Second, the Defendant testified that as he walked from the Explorer back to the Tahoe, the package of heroin was palmed within his hand in such a manner that it would have been impossible for the officers to observe the shape or color of the package. The Court had the opportunity to observe the bag itself, introduced as Exhibit 10B, and the quantity of heroin it contained, introduced as Exhibit 10A. The Court also observed the Defendant's in-court demonstration of how he carried the bag, which convinced the Court that the shape of the bag would have been obviously discernible to the officers and not obscured by the Defendant's hand. Taking all this into consideration, the Court finds the officers' testimony that they were able to observe the size, shape and color of the bag as Defendant walked with it in his hand to be credible.
Finally, the Defendant testified that the bag of heroin was not in plain view inside the vehicle, but was inside a closed compartment in the center console, and that he did not make furtive movements or pat himself down upon approach by the officers, but merely reached for his seat belt. As the Court will explain, crediting the Defendant's testimony on these two issues would not change the outcome on this motion to suppress. The Defendant also testified that he did not dial a cell phone inside the Tahoe. The Court finds the officers' testimony credible on this point as well, but finds that even if the Defendant did not make a cell phone call from the Tahoe, the totality of the other circumstances observed by and known to the officers still overwhelmingly supported their conclusion that a drug transaction was taking place.

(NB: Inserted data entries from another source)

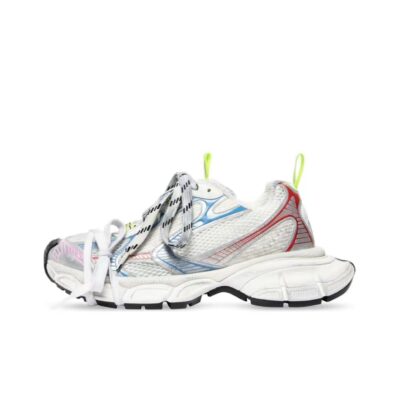 Balenciaga 3XL Mesh Lace-Up Low-Top Distressed White Red Blue Sneakers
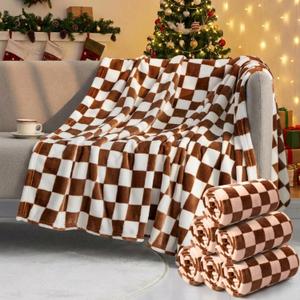 Preboun 6 Pack Fleece Throw Blankets, Buffalo Plaid Lightweight Throws for Sofa, Travel, Office & Bulk Use(50 x 60 Inch,Khaki and White)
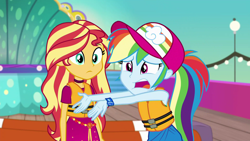 Size: 1920x1080 | Tagged: safe, imported from derpibooru, screencap, rainbow dash, sunset shimmer, equestria girls, equestria girls series, spring breakdown, spoiler:eqg series (season 2), baseball cap, beads, cap, choker, clothes, cruise outfit, duo, duo female, female, geode of empathy, geode of super speed, hat, lifejacket, magical geodes, pants, ponytail, wristband, yacht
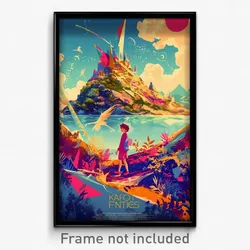 French Movie Poster - Boy Feeling Grouchiness, Baggy Pink Shorts (Art Print)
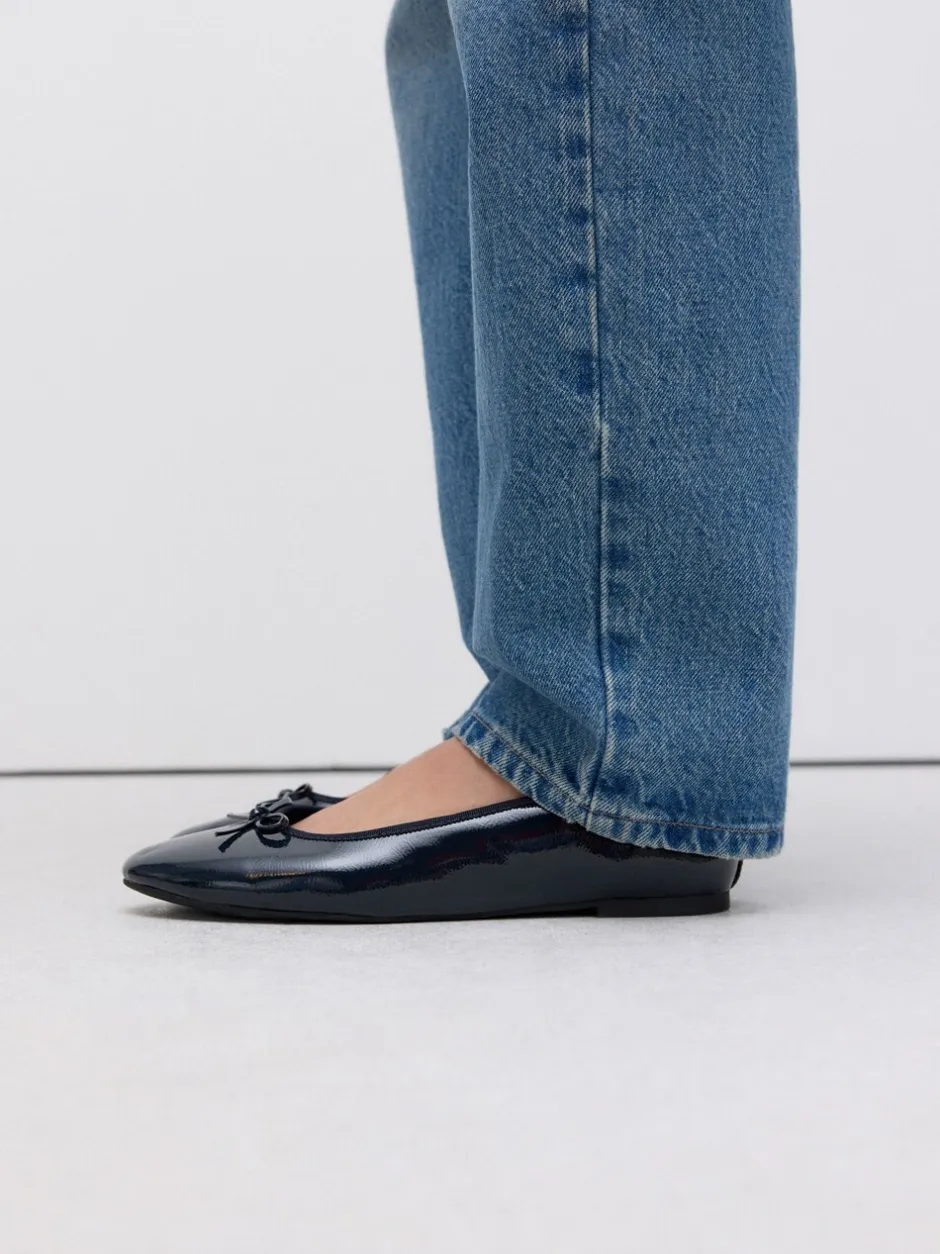 Ruimvallend En Extraruimvallend|Lage Schoenen|Next Donkerblauw lakleer - Ballerina's met ronde neus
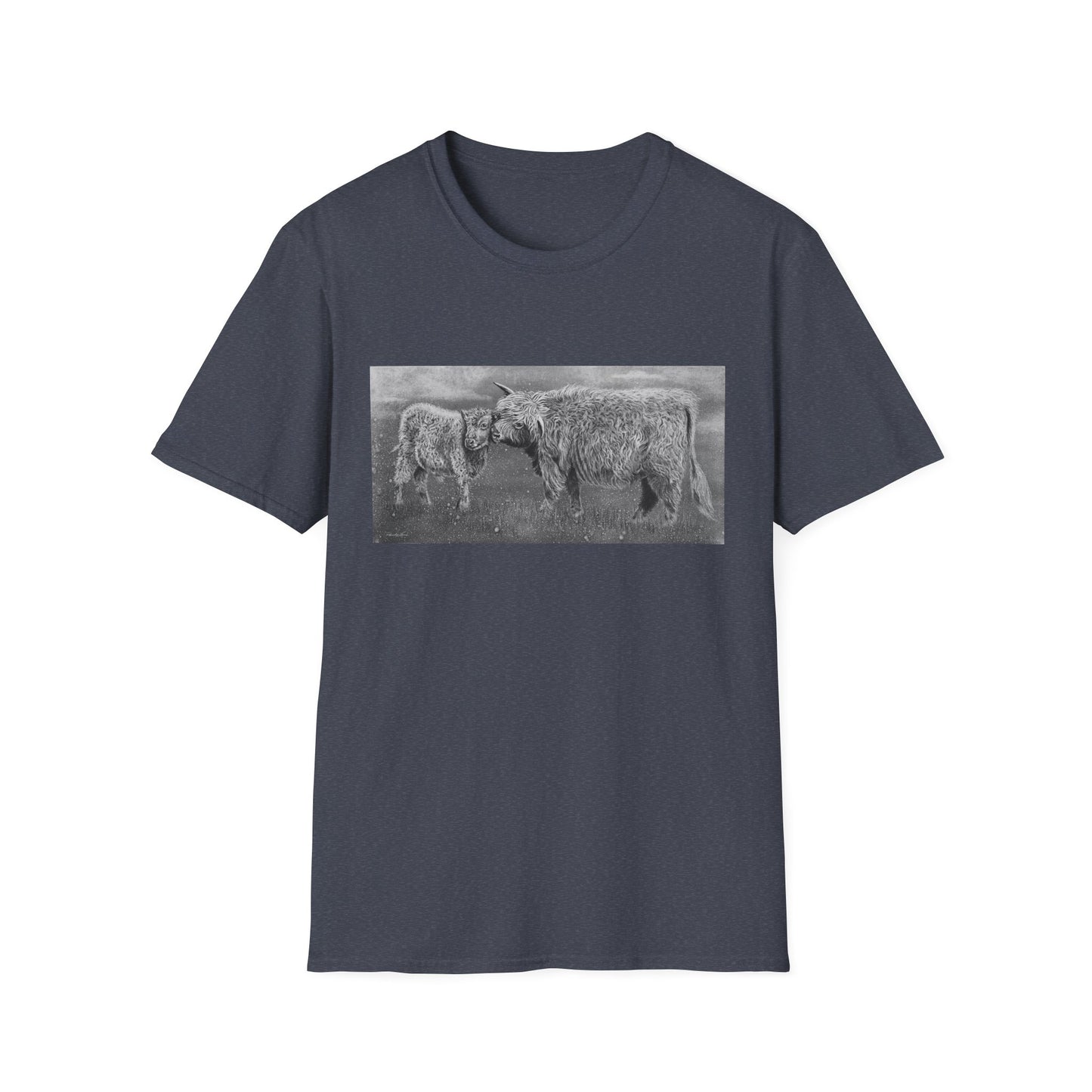 Highland Love, Highland Cow Print Unisex Softstyle T-Shirt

The Defendant argues that he was being targeted by Officer McDonough, and that this casts doubt on the credibility of the officers' accounts of their observations on the evening in question and their stated reasons for being in the area. In support of this argument, Defendant offered the testimony of Hasonna Bell, who said that in the fall of 2004 Officer McDonough had offered her leniency on a drug charge if she would help him incriminate the Defendant. As already discussed, however, the Court finds no reason to discredit the officers' testimony as to why they were in the area that evening or what precisely they were able to observe.
Under the precedent of the Third Circuit and the United States Supreme Court, an officer may, consistent with the Fourth Amendment, conduct a brief, investigatory stop - known as a Terry stop - when the officer has a reasonable, articulable suspicion that criminal activity is afoot. Terry v. Ohio, 392 U.S. 1, 30 (1968); United States v. Delfin-Colina, 464 F.3d 392, 396 (3d Cir. 2006). "Reasonable, articulable suspicion" is a less demanding standard than probable cause and requires a showing considerably less than preponderance of the evidence. Illinois v. Wardlow, 528 U.S. 119, 123 (2000); Delfin-Colina, 464 F.3d at 396. For such a stop, only a "minimal level of objective justification" is necessary. United States v. Sokolow, 490 U.S. 1, 7 (1989); Delfin-Colina, 464 F.3d at 396. In evaluating whether the officers had an objective basis for reasonable suspicion, the totality of the circumstances must be taken into account. Sokolow, 490 U.S. at 8; Delfin-Colina, 464 F.3d at 397.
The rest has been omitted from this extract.